____ GIVEN RECORDS

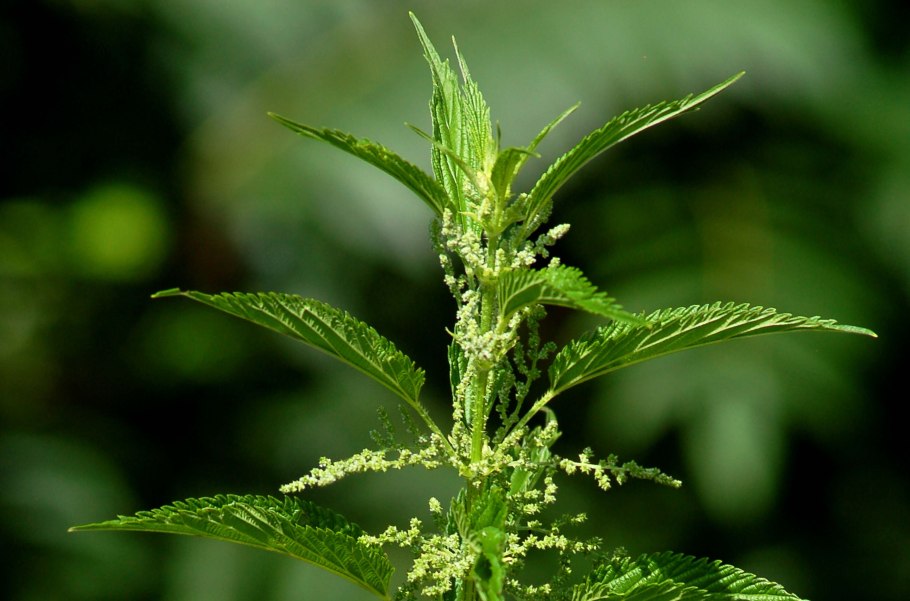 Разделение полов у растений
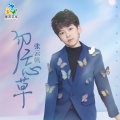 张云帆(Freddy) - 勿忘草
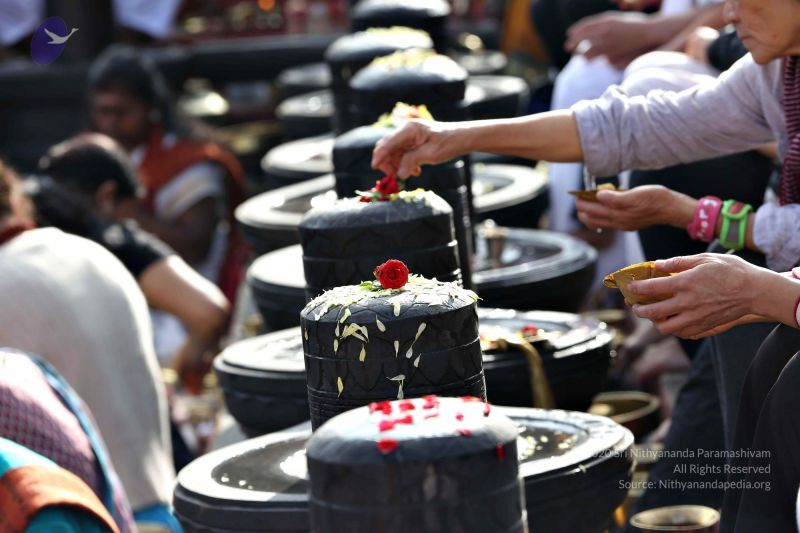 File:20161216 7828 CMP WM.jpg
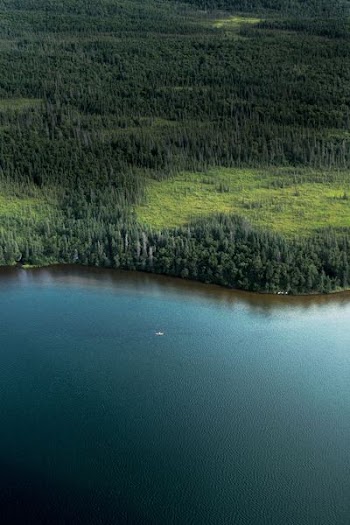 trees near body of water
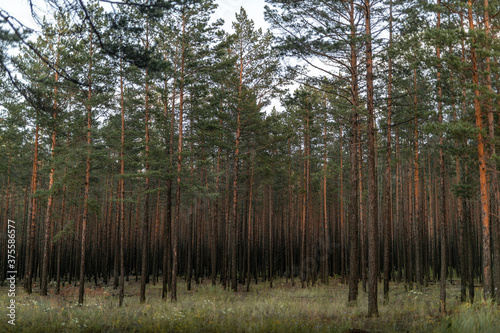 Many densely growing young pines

________

**WHAT THE TASK ASKS**. Starting at the line that contains "File:20161216 7828 CMP WM.jpg", please write out every line to the end of the entries, inclusive, copied exactly and with pictures omitted.

**TASK RESPONSE**.
 File:20161216 7828 CMP WM.jpg
 trees near body of water
 Many densely growing young pines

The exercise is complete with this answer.